_Aim of the task:_
Beginning with the line that holds "1905 Anna Eva" and finishing with the line that holds "Set of 16 arrows", repeat the listing exactly, leaving every picture out.

[Provided data Boundary: Start]

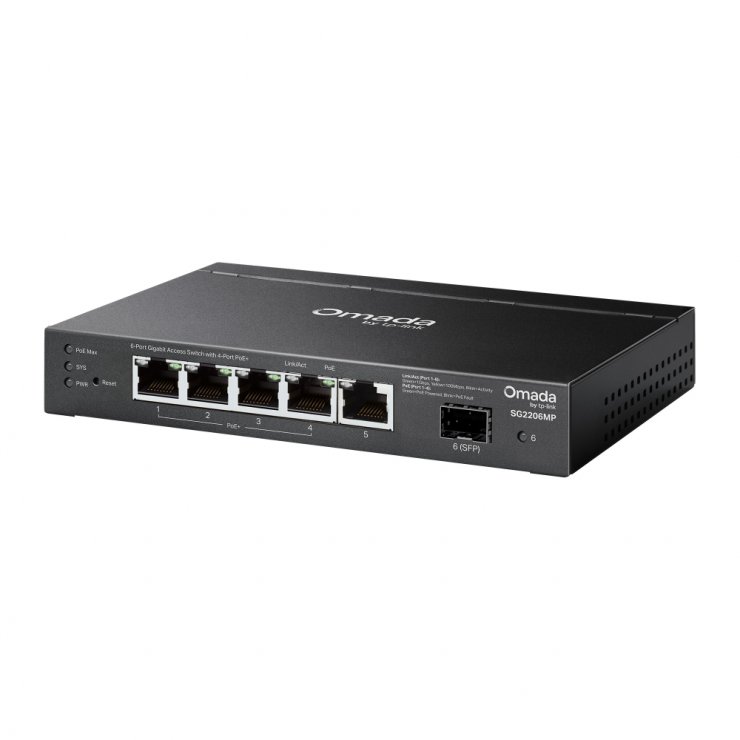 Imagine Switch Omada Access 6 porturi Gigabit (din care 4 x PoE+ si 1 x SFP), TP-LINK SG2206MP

[Provided data Boundary: End]
[Provided data Boundary: Start]

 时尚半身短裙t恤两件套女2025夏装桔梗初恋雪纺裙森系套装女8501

[Provided data Boundary: End]
[Provided data Boundary: Start]

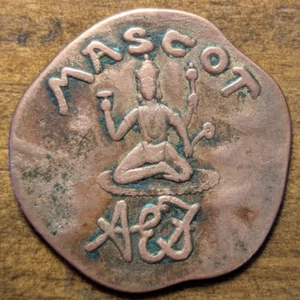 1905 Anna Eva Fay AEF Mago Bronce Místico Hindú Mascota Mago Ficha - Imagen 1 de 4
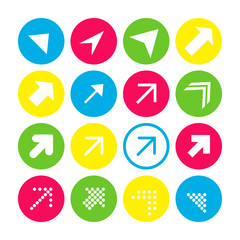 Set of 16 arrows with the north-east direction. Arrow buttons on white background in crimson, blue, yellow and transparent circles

[Provided data Boundary: End]

_Answer below:_
 1905 Anna Eva Fay AEF Mago Bronce Místico Hindú Mascota Mago Ficha - Imagen 1 de 4
 Set of 16 arrows with the north-east direction. Arrow buttons on white background in crimson, blue, yellow and transparent circles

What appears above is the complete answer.